Gabriel and Erling Haaland pushed their duel to the limit at the Etihad, with City’s striker ultimately deciding the game but the referee largely right to let an intense battle play out.
At the heart of Arsenal’s 2-1 defeat to Manchester City was the contest that had felt inevitable all week. Gabriel against Erling Haaland had the weight of a title race on it, and for long periods it played out exactly as expected: physical, hostile and constantly on the edge. In the end, Haaland came out on top because he scored the winning goal and Gabriel did not handle every moment cleanly enough. But that should not obscure the fact that this was a duel between two elite players being allowed, mostly correctly, to compete at full force. City won the game. Haaland won the headline confrontation. The officiating, for the most part of the game, got the balance right.
That does not mean every detail of the battle was uncontroversial. Haaland’s winner came after he had overpowered Gabriel in the box, and there is a reasonable Arsenal argument that the City striker gained his advantage by pulling and moving the defender away from the ball first.
From an Arsenal perspective, that is the point that will linger. Haaland did what great strikers do, recognising the moment and taking it, but Gabriel will feel he was not just beaten by movement or timing. He was beaten by force, and perhaps by force that drifted beyond what should have been allowed. The frustration for Arsenal is that VAR did not step in, because there was at least enough in the incident to justify a second look. Yet Gabriel’s own reaction was instructive. He did not stop to appeal, he did not chase the referee, and he did not spend the next minute trying to sell the foul. He seemed to read it for what it was: a battle he had lost in that moment.
That is one reason the later flashpoint between the pair also felt revealing. Gabriel was booked after shoving his head towards Haaland in the closing stages, an act that could easily have brought a red card instead of yellow. Whilst Pep Guardiola was also booked for his reaction to the altercation.

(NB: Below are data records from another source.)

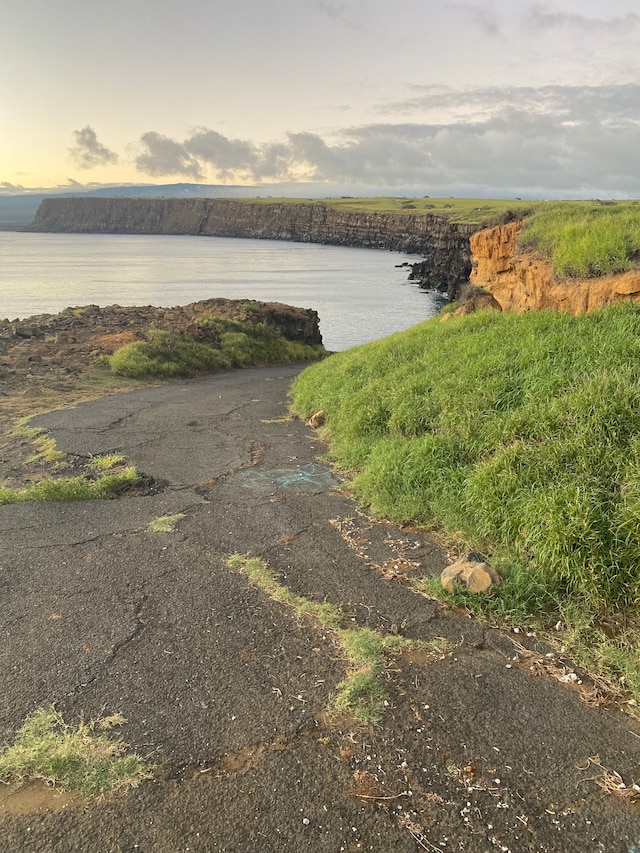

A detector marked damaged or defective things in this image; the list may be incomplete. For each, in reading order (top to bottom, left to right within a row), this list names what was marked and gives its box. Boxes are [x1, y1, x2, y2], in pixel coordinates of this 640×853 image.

cracked asphalt [1, 362, 640, 848]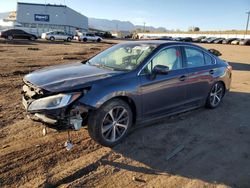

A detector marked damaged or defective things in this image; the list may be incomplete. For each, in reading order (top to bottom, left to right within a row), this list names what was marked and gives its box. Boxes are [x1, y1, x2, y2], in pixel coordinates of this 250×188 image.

broken headlight [28, 93, 81, 111]
front bumper damage [21, 80, 90, 131]
crumpled hood [23, 62, 116, 92]
damaged subaru legacy [22, 41, 232, 148]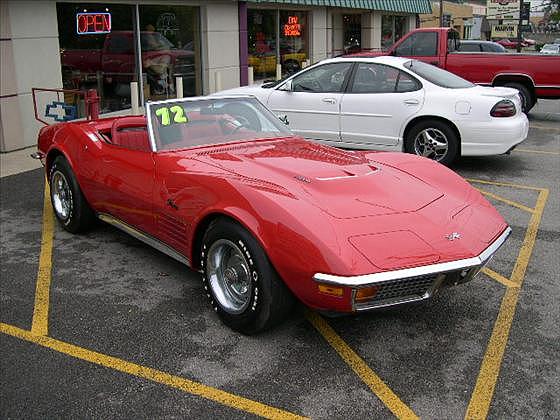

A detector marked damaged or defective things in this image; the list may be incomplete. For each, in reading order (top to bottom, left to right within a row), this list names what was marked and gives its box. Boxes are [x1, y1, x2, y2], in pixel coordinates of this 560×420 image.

parking lot pavement crack [31, 181, 55, 338]
parking lot pavement crack [0, 324, 306, 418]
parking lot pavement crack [306, 308, 420, 420]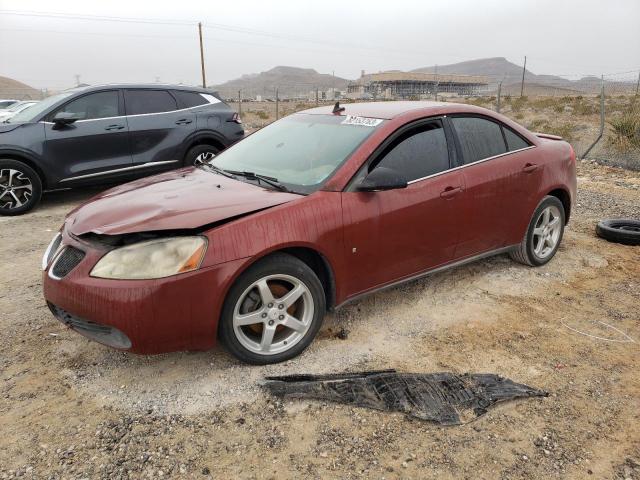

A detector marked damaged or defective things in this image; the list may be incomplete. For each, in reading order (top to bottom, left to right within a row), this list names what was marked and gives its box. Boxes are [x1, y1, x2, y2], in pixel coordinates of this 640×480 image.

crumpled hood [67, 167, 302, 236]
damaged red sedan [42, 101, 576, 364]
burned material [262, 370, 548, 426]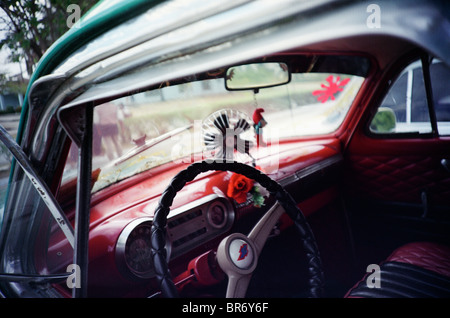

Arsenal can have few complaints on that point. If Haaland had gone down more dramatically, the decision might well have been different. Even without that, Gabriel was taking a major risk. It was the sort of act that often gets punished on review because referees and VAR tend to view any movement of the head towards an opponent with particular severity. That he stayed on the pitch was fortunate not only for the game, but to not miss other games as well.
And yet that moment also said something about the nature of the contest between them. For all the edge and physicality, this never felt like a duel where either player was looking to win it through a referee’s decision. Haaland’s reaction was telling. There again, was no real attempt to escalate it, no prolonged appeal, no effort to turn the incident into something bigger. Following the all player pile-on, the game simply moved on. In that sense, the confrontation stayed within the wider rhythm of their battle, two players pushing each other to the limit and trying to settle it in the same way it had been played throughout — through the contest itself rather than outside of it.
That is why this rivalry remains such a talking point whenever Arsenal face City. On Sunday, Haaland got the better of Gabriel because the winning moment belonged to him, and because Gabriel’s own loss of control late on left him fortunate to stay on the pitch. But the bigger picture was not one of a defender being exposed or a striker running riot. It was two elite competitors dragging the game into their own personal contest, with the margins between legal aggression and punishable excess always narrow. This time, Haaland landed the decisive blow. Arsenal will hope Gabriel gets the next one.